Here is a sample timeline for implementing GHR, although it can definitely be done in a shorter amount of time. Usually, absence and payroll together have a 43 week go-live. During this process, there's a lot of activities occurring at the same time, but the biggest thing to remember is that there will be three payroll parallels. Of course, we'd love to do 100 of them until there's no errors, but that's unrealistic.
The more testing you run, the more data you can clean up before that go-live; this means you have a better shot of a successful first payroll after your go-live without too many errors. Each of these testing phases is considered a training event. Every time your team can get into the system to navigate through scripts and do the same types of tasks, the better prepared they'll be to maintain it themselves once you go live.
When we engage with a client we have a conversation about what your resource needs are going to be and what your FTE requirements are going to look like. However, there are times where an organization can't spare their payroll person when we need them. In that case, we just get the relevant information from them and then have somebody else hire a temp to do it, or we add testing into the scope of the project and complete it ourselves.
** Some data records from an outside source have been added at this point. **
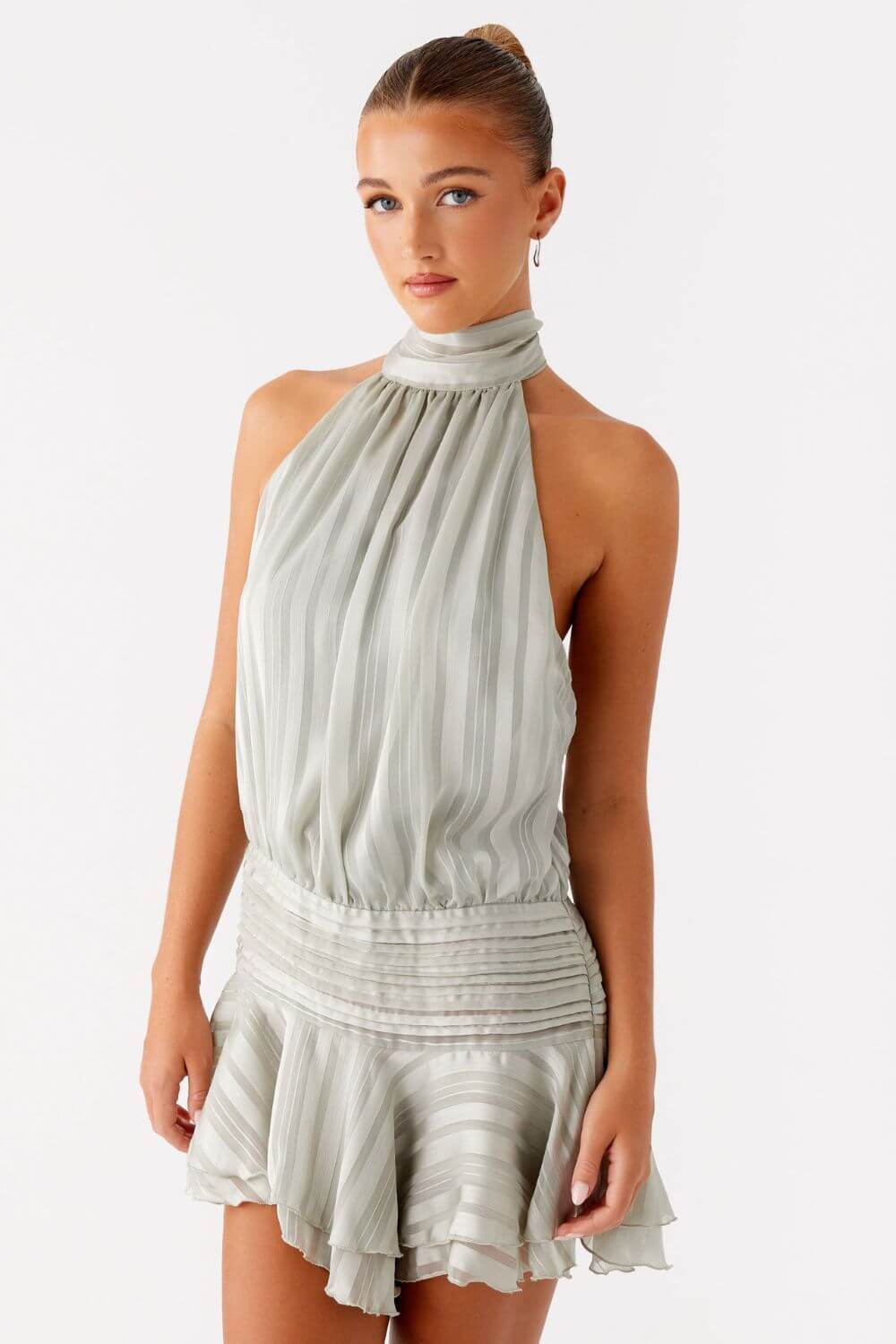 Vestido Amalfi Curto Acetinado com Gola Alta Drapeada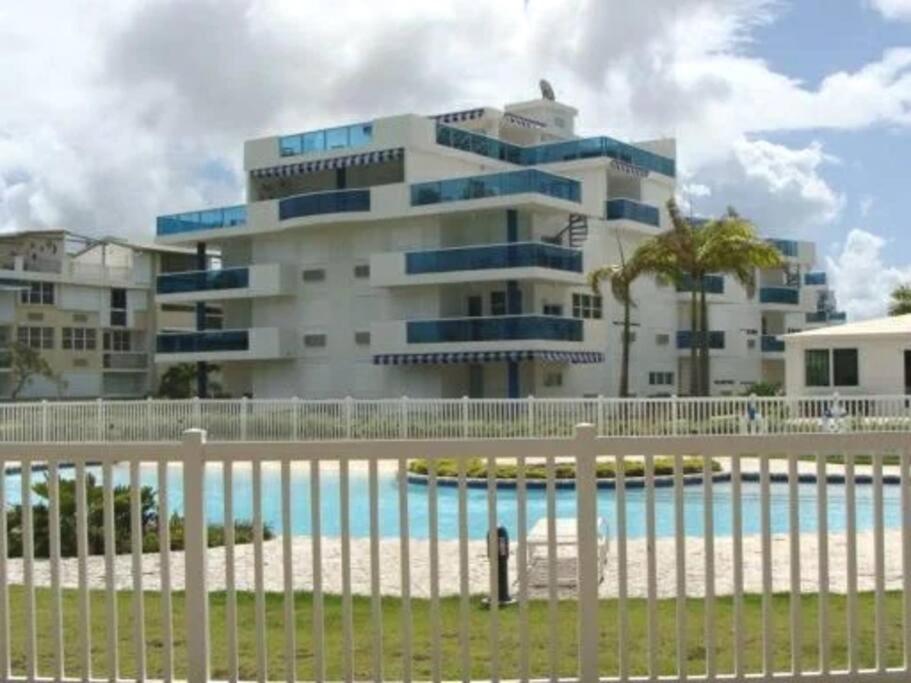 Beautiful beachside apartment w/ terrace, balcony. - B&B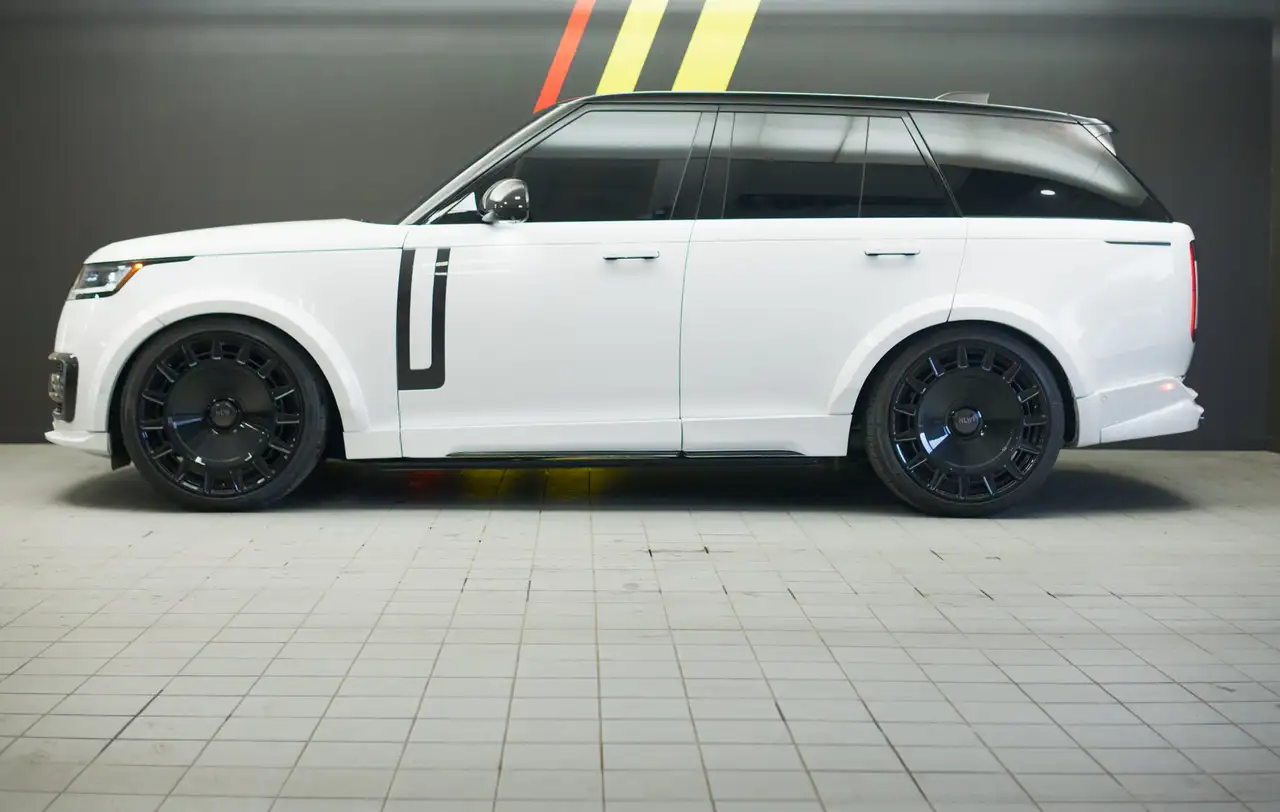 Land Rover Range Rover - Image 2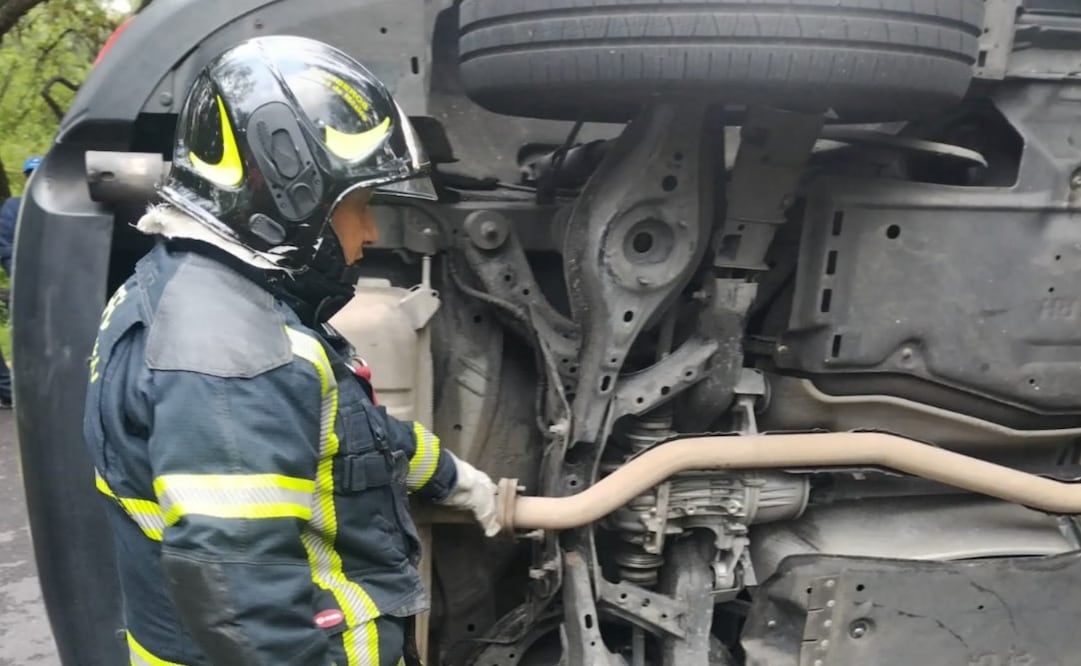 Camioneta vuelca en Insurgentes Sur, cerca de Ciudad Universitaria. Foto: Bomberos de la CDMX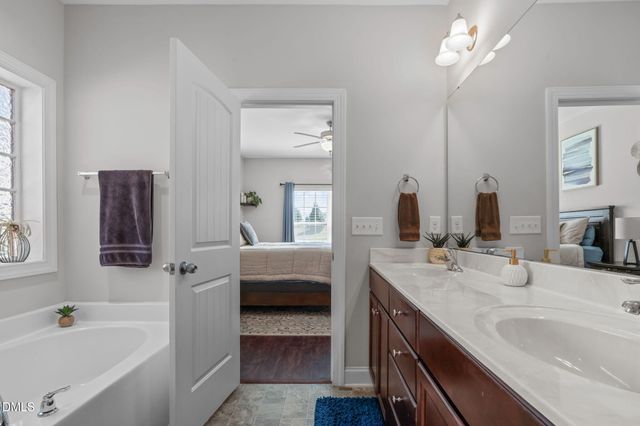 640 Lone Pine Loop, Fuquay Varina, NC 27526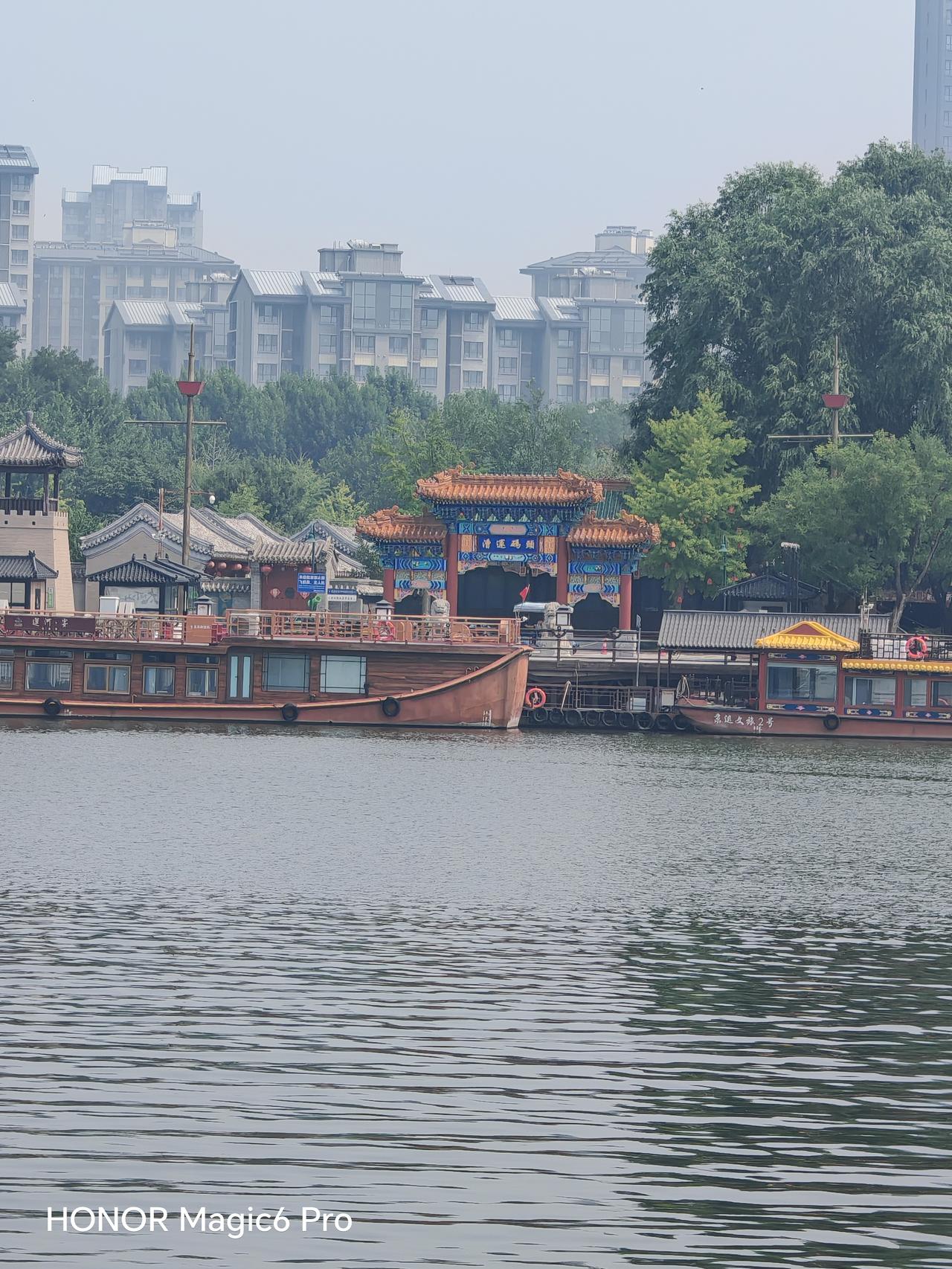 舟行碧波，两岸如画。北京大运河森林公园里风景独好
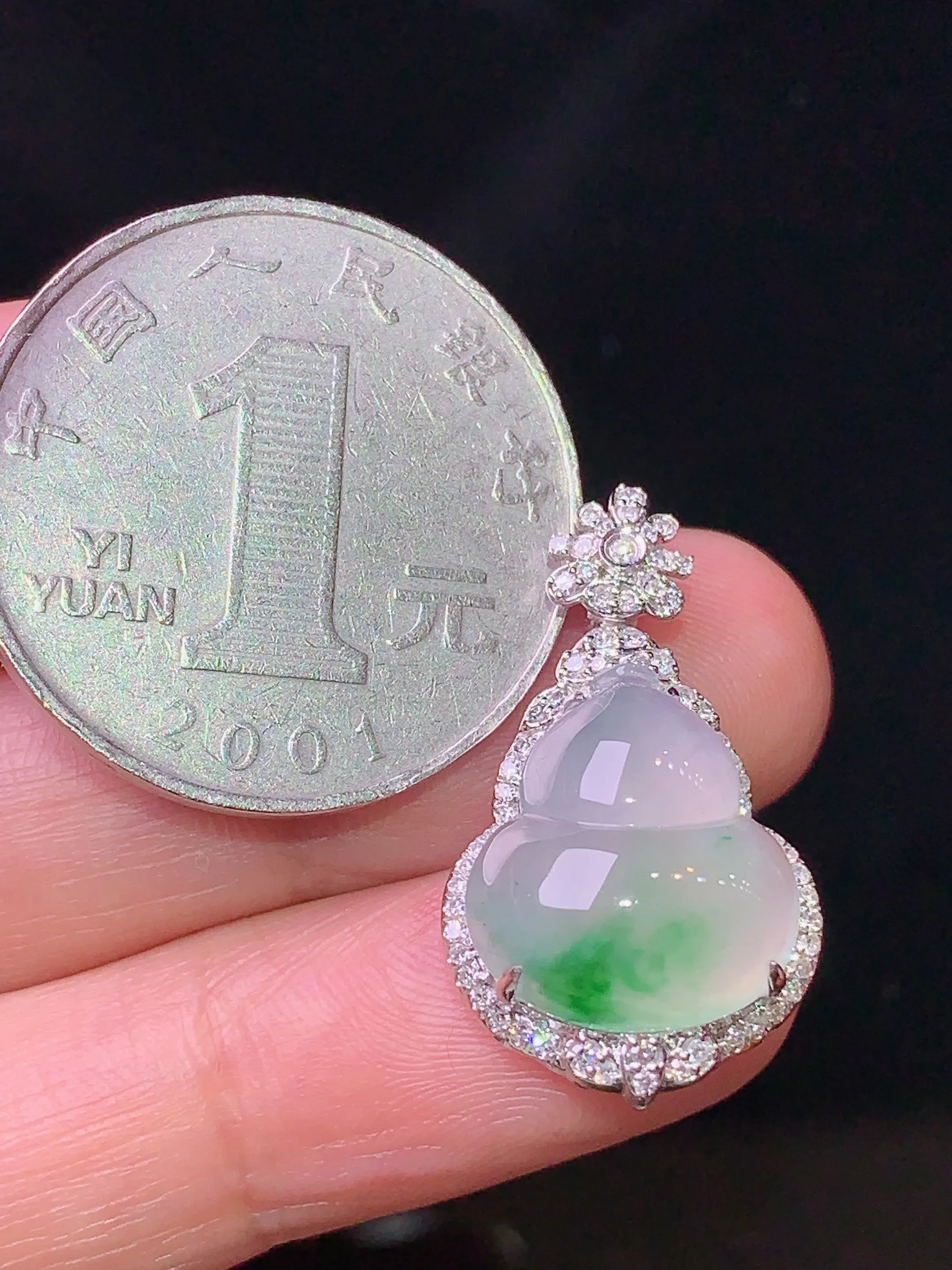 18k金钻镶嵌飘绿葫芦吊坠 玉质细腻 色泽清新艳丽 整体尺寸25.1*14.5*8.6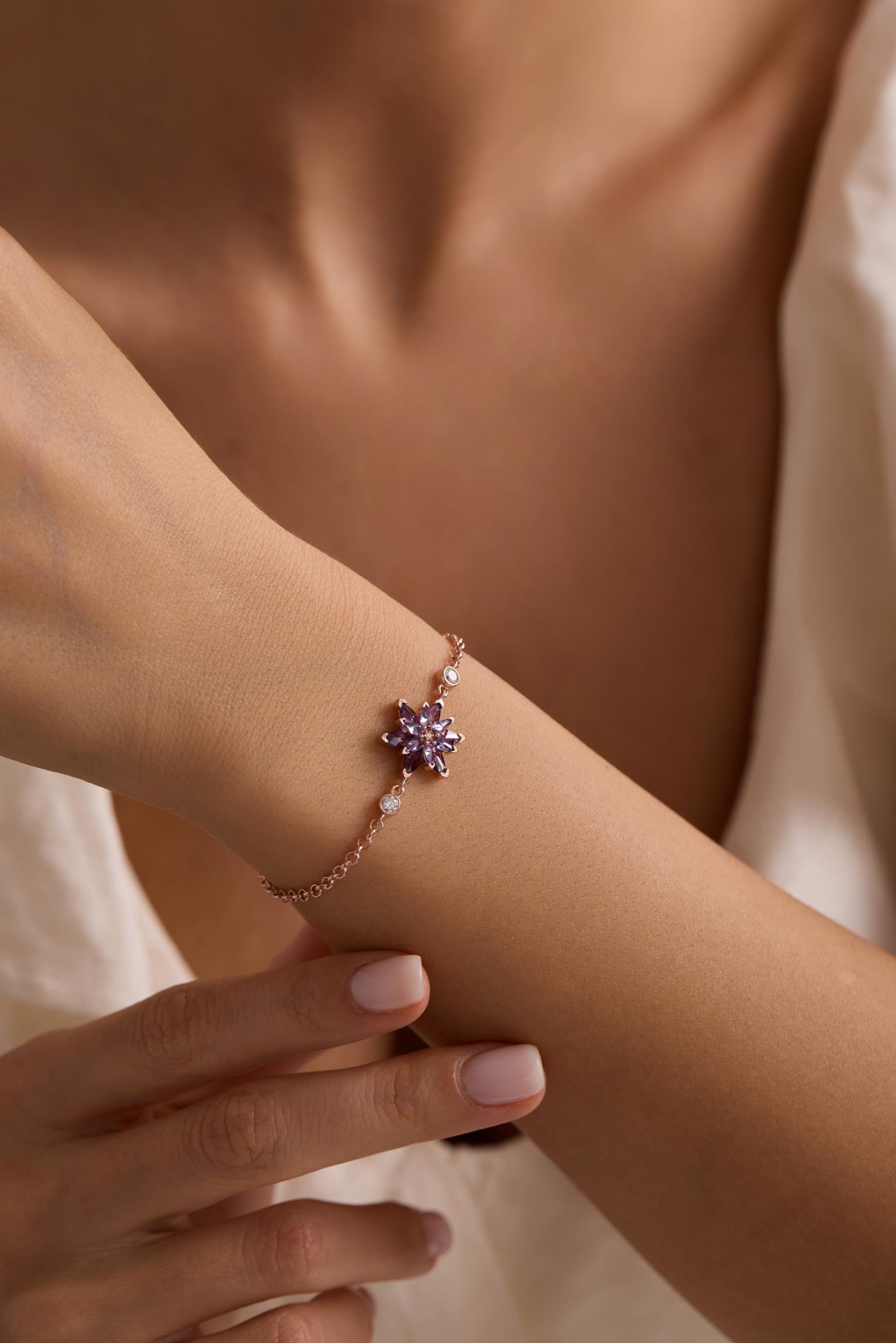 925 Ayar Gümüş Rose Kaplama Doç Zincirli Mor Taşlı Lotus Çiçeği Bileklik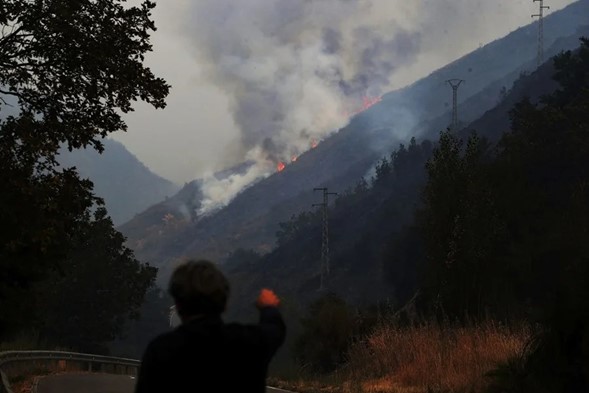 Última hora de los incendios: jornada esperanzadora en la extinción y nuevos realojos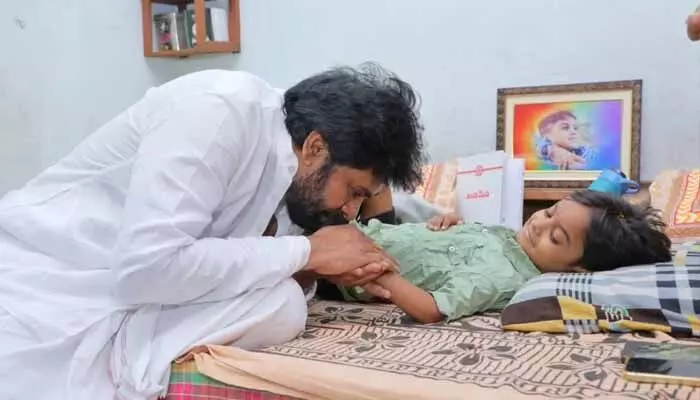 Tragedy: గుండెలుపగిలే విషాదం.. పవన్ కళ్యాణ్ అభిమాని కన్నుమూత Tragedy: గుండెలుపగిలే విషాదం.. పవన్ కళ్యాణ్ అభిమాని కన్నుమూత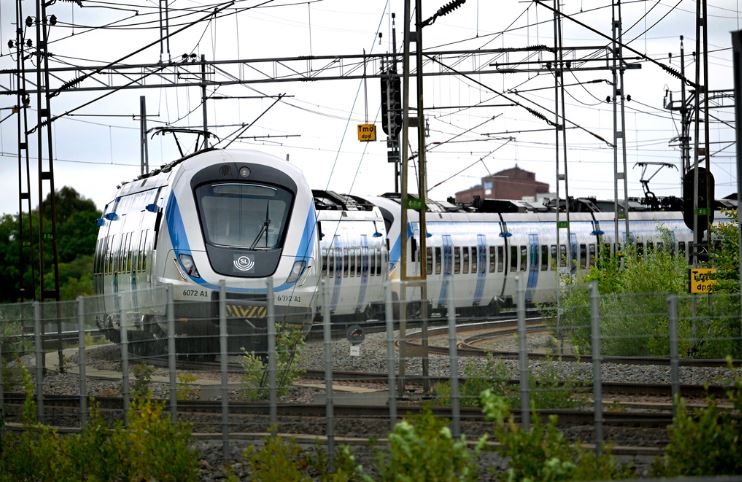 Ett pendeltåg från SL passerar Solna med kontaktledningar för tåg ovanför järnvägsspåret. Foto: Janerik Henriksson / TT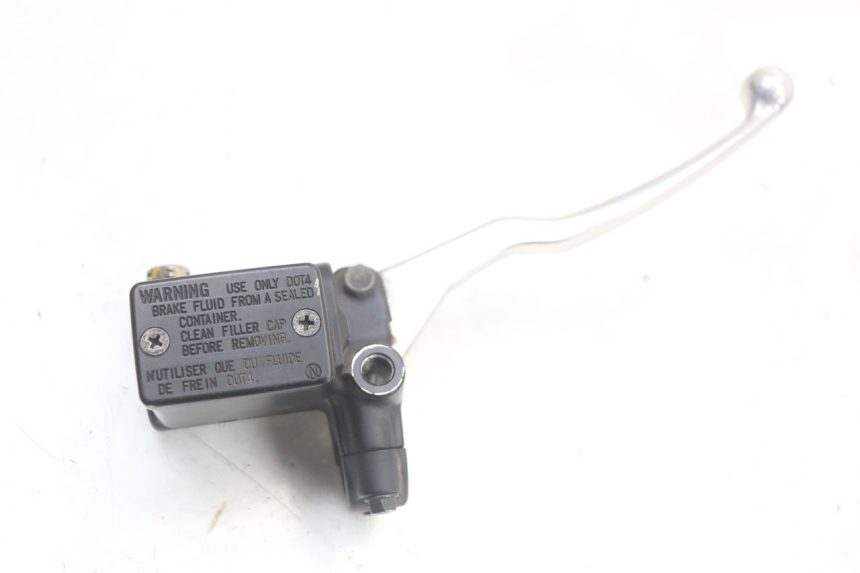 photo de VORDERER HAUPTBREMSZYLINDER PEUGEOT SATELIS 125 (2010 - 2012) - Detailansicht des Bauteils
When we're talking payroll, there's lots of different scenarios we have to consider because people still have to manage day-to-day operations. Projects like that usually see us managing payroll for them for months after go-live because they're not comfortable enough to run it on their own. This is why we want to have your team involved at all of these training events and be sure that we're working our schedule around that. This is why those 43 weeks aren't 100% full time every day. It is a shorter implementation, but this gives people time for operational daytime duties, in addition to data validation.